Reputation: 31
I am trying to find words that are similar to two different words. I know that I can find the most similar word with FastText but I was wondering if there is a way to find a keyword that is similar to two keywords. For example, "apple" is similar to "orange" and also similar to "kiwi". So, what I want to do is if I have two words, "organ" and "kiwi", then I would like to get a suggestion of the keyword "apple" or any other fruits. Is there a way to do this?
Upvotes: 0
Views: 723
Reputation: 359
I have used the Gensim W2V implementation for such computations for years now, but Gensim has also FastText implementation: https://radimrehurek.com/gensim/models/fasttext.html
Upvotes: 0
Reputation: 3536
I think that there isn't out of the box function for this feature.

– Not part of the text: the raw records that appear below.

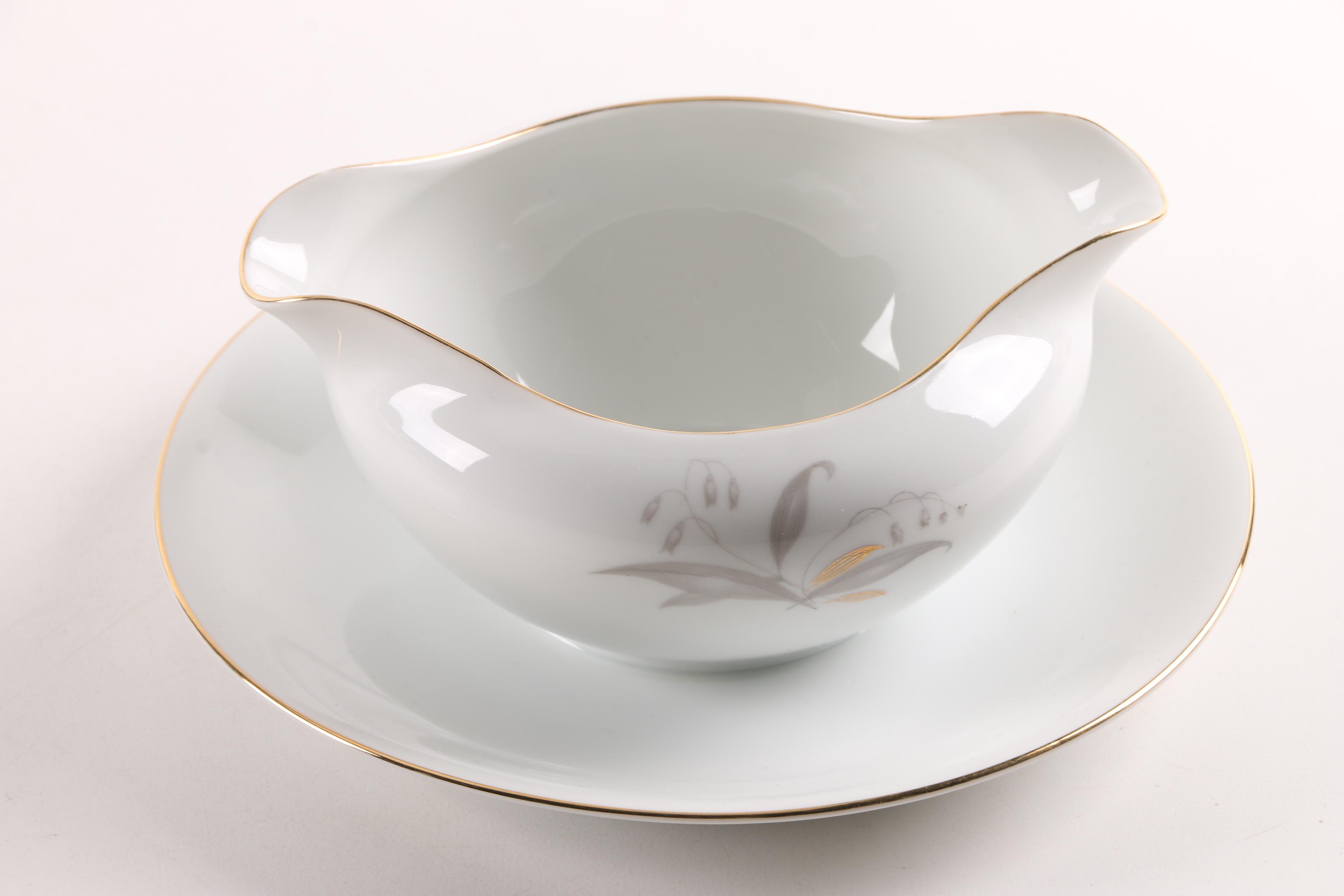 Vintage Porcelain and Ironstone Gravy Boats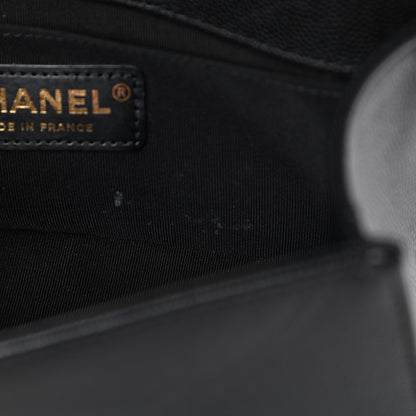 Chanel Caviar Quilted Small Boy Flap Black 7 of 11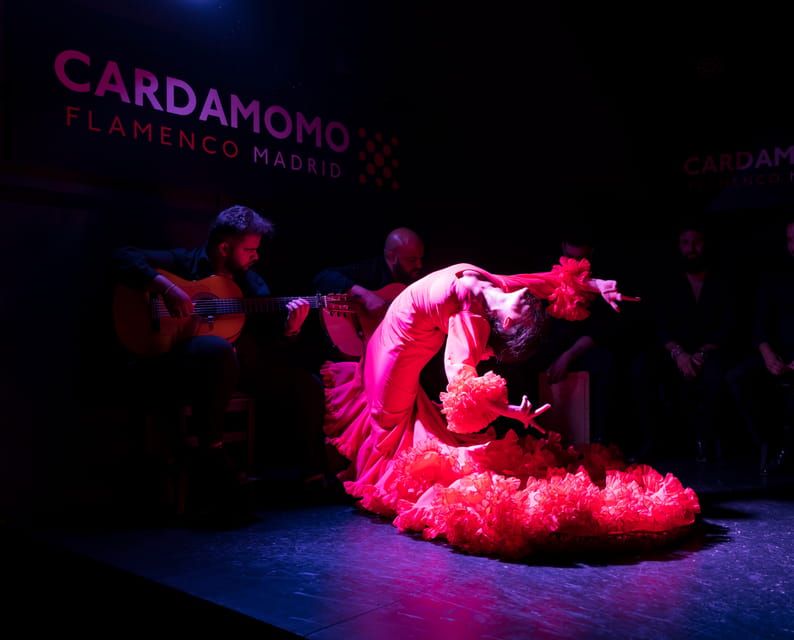 Madrid: Tablao Cardamomo Flamenco Show with 1 drink included - Key things to know before you go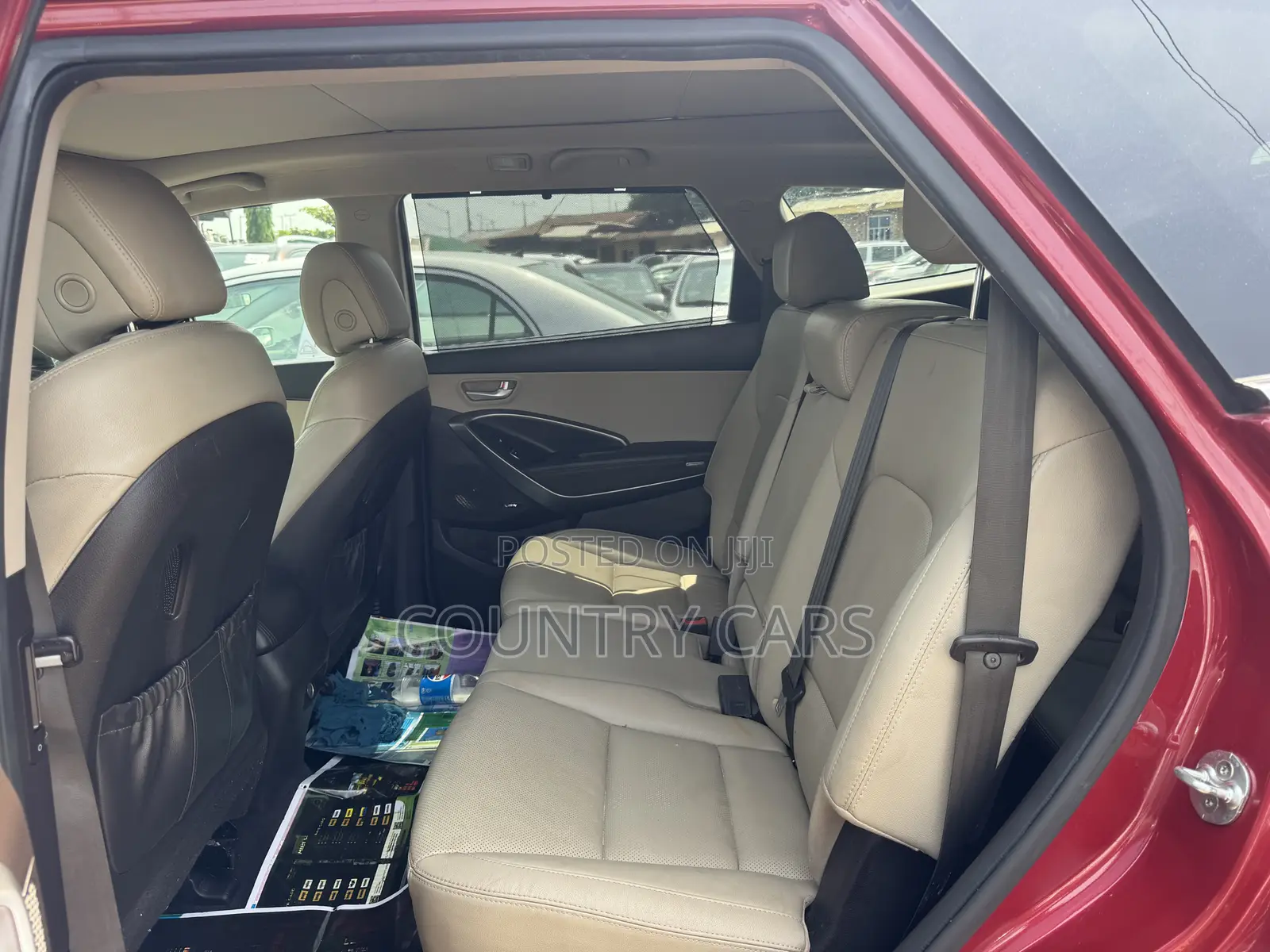 Hyundai Santa Fe Limited Ultimate AWD 2018 Red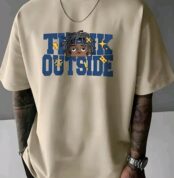 ENGLISH PREMIUM Men's Oversized Tshirt, Latest design tshirt, Men's GYM Wear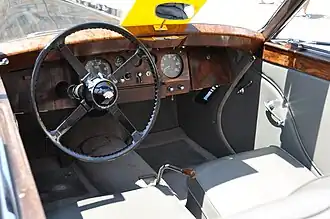 Drophead coupé de 1949.
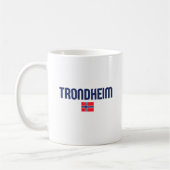 Mug TRONDHEIM Norvège (Gauche)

In any case, you can think about this simple approach:
A small note: this is a crude approach. If necessary, even more sophisticated operations can be performed using the similarity cosine.
Code example:
import fasttext
# load the pretrained model
# (in the example I use the Italian model)
model=fasttext.load_model('./ml_models/cc.it.300.bin')
# get nearest neighbors for the interested words (100 neighbors)
arancia_nn=model.get_nearest_neighbors('arancia', k=100)
kiwi_nn=model.get_nearest_neighbors('kiwi', k=100)
# get only words sets (discard the similarity cosine)
arancia_nn_words=set([el[1] for el in arancia_nn])
kiwi_nn_words=set([el[1] for el in kiwi_nn])
# compute the intersection
common_similar_words=arancia_nn_words.intersection(kiwi_nn_words)
Example output (in Italian):
{'agrume',
'agrumi',
'ananas',
'arance',
'arancie',
'arancio',
'avocado',
'banana',
'ciliegia',
'fragola',
'frutta',
'lime',
'limone',
'limoni',
'mandarino',
'mela',
'mele',
'melograno',
'melone',
'papaia',
'papaya',
'pera',
'pompelmi',
'pompelmo',
'renetta',
'succo'}
Upvotes: 0